What if the question is "What are the main themes of this work?" Or anything whe...

summarity · on May 11, 2023

That is solved by hypothetical embeddings.

Demo: https://youtu.be/elNrRU12xRc?t=1550 (or try it on findsight.ai and compare results of the "answer" vs the "state" filter)

For even deeper retrieval consider late interaction models such as ColBERT

adamgordonbell · on May 13, 2023

I'm not understanding how that works compared to having the full text?

Does the embedding structure somehow expose the themes? And if so, is it more the embeddings that are answering the question by how it groups things?

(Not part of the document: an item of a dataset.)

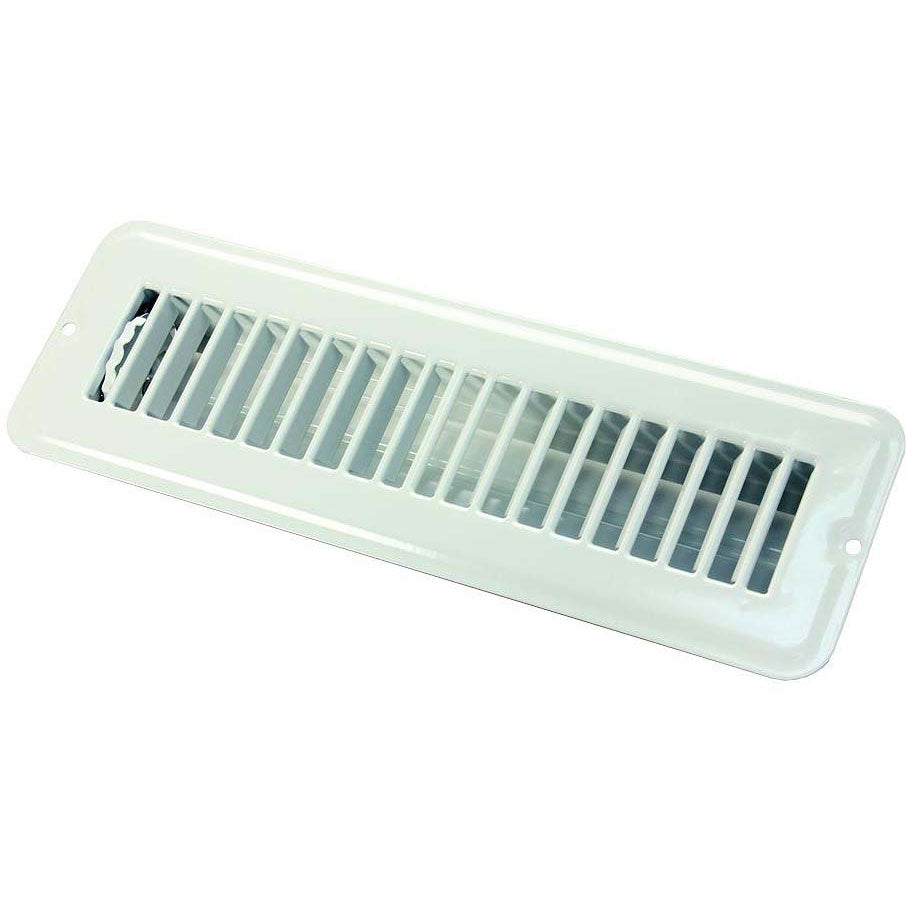 JR Products Metal Floor Registers, White Dampered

akiselev · on May 11, 2023

Any material comparing the different embedding models? I'm working on information retrieval from government documents and without any ML experience it's daunting

jtlicardo · on May 11, 2023

You pretty much summed up the drawbacks of the embeddings approach. In my experience it's pretty hard to extract the relevant parts of text, especially when the text is uniform.

abraxas · on May 11, 2023

You could do multi level summaries etc but yeah this is all just band aids around token limits.

Spivak · on May 11, 2023

I don't think it's as much of a band-aid as it first appears since this roughly mimics how a human would do it.

The problem is that humans have continuous information retrieval and storage where the current crop of embedding systems are static and mostly one shot.

crucialfelix · on May 11, 2023

Humans have limited working memory, they quickly forget short term memory (unless it's super significant) and our long term memory fades selectively if not reactivated or significant (intense).

This weird leaky memory has advantages and disadvantages. Forgetting is useful, it removes garbage.

Machine models could vary the balance of temporal types, drop out Etc. We may get some weird behavior.

I would guess we will see many innovations in how memory is stored in systems like these.